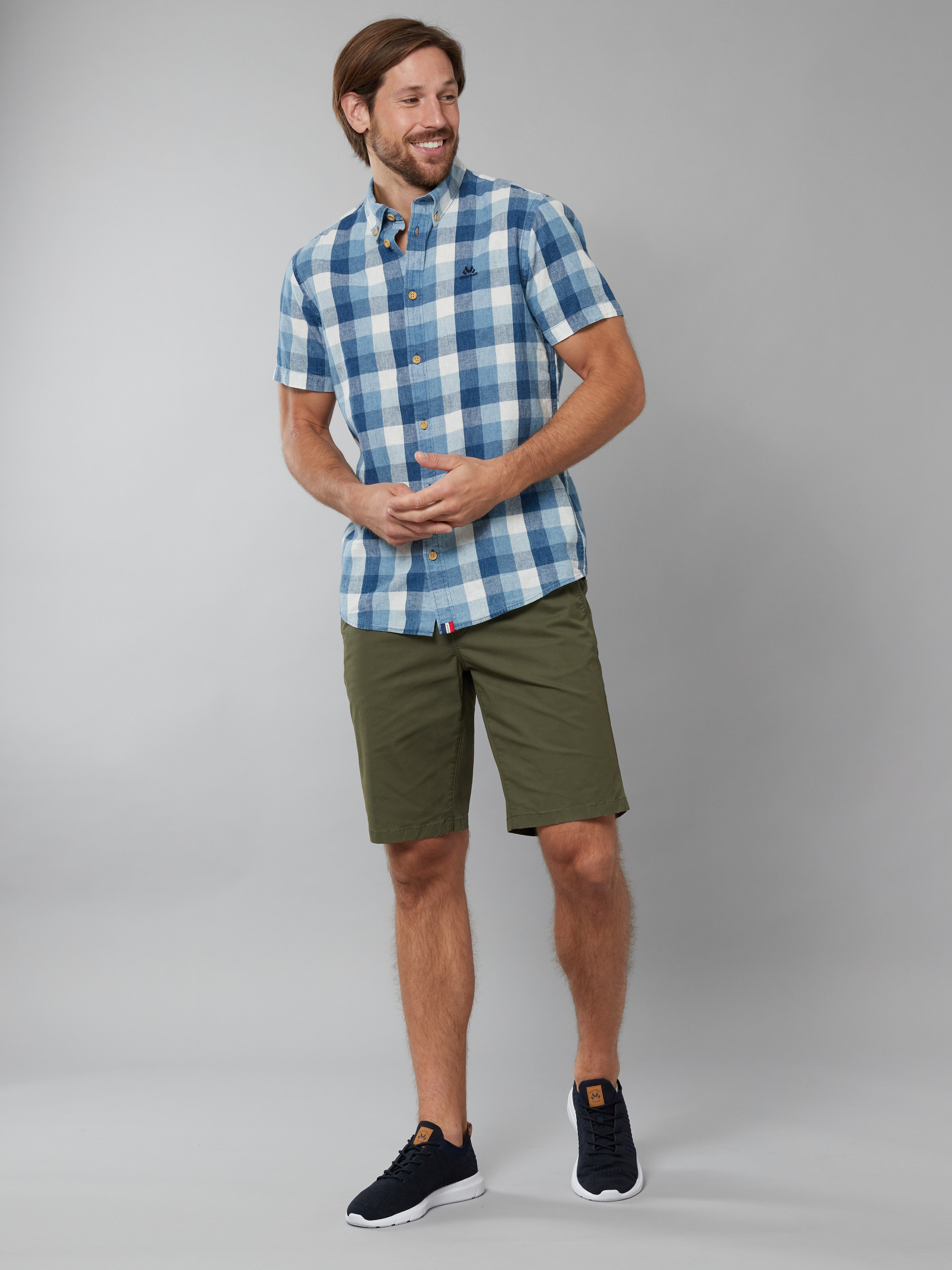 Anton rutet skjorte - regular fit 7249871_DAE-JEANPAUL-H22-Modell-Front_532_Anton rutet skjorte - regular fit DAE.jpg_Front||Front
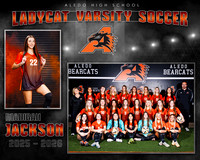 2025 ALEDO Ladycat Soccer Memory Mate Madigan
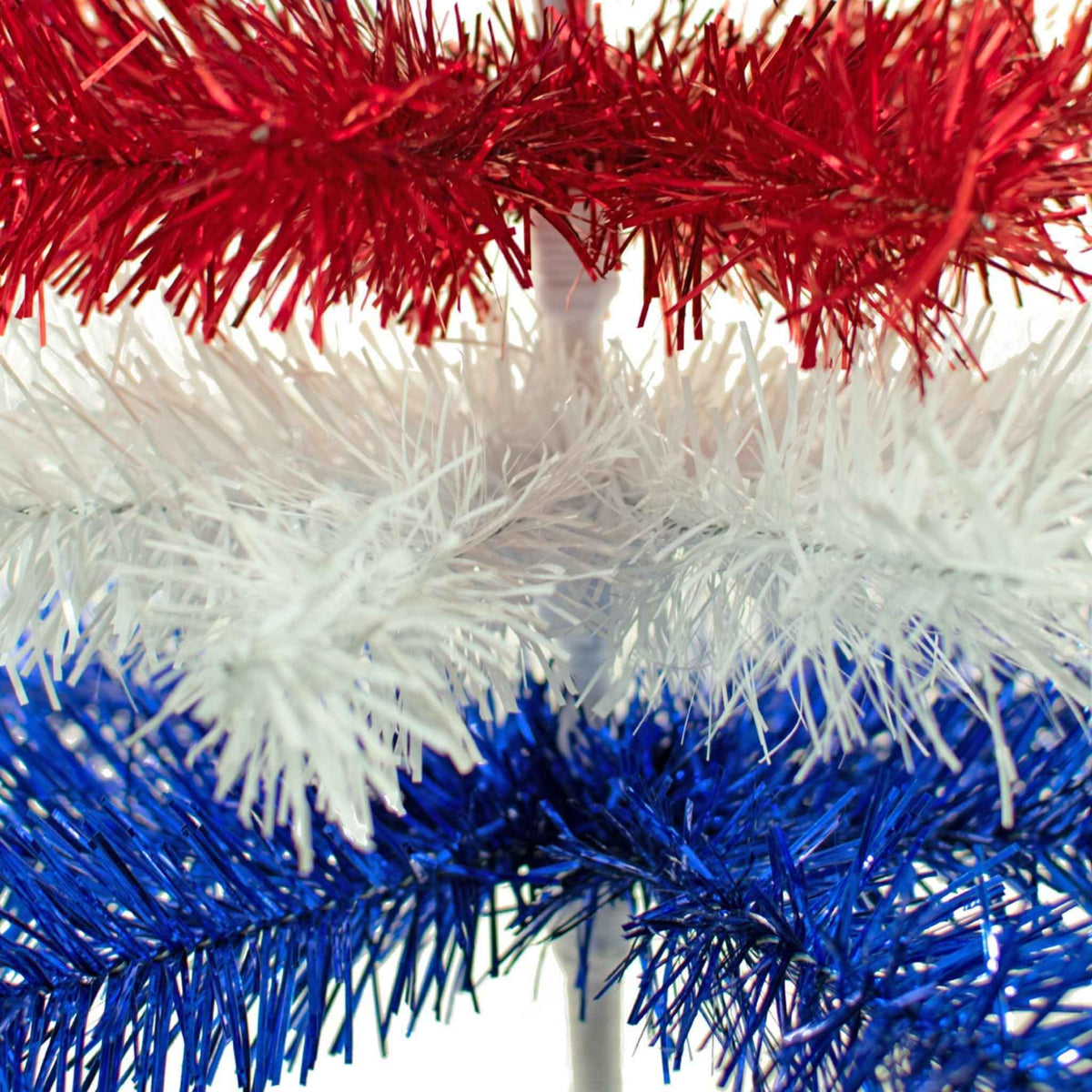 4th Of July Layered Tinsel Trees - Lee Display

● Problem:
A word-for-word copy of the listing is the goal; keep every picture out of it.

● Answer below:
 Anton rutet skjorte - regular fit 7249871_DAE-JEANPAUL-H22-Modell-Front_532_Anton rutet skjorte - regular fit DAE.jpg_Front||Front
 2025 ALEDO Ladycat Soccer Memory Mate Madigan
 4th Of July Layered Tinsel Trees - Lee Display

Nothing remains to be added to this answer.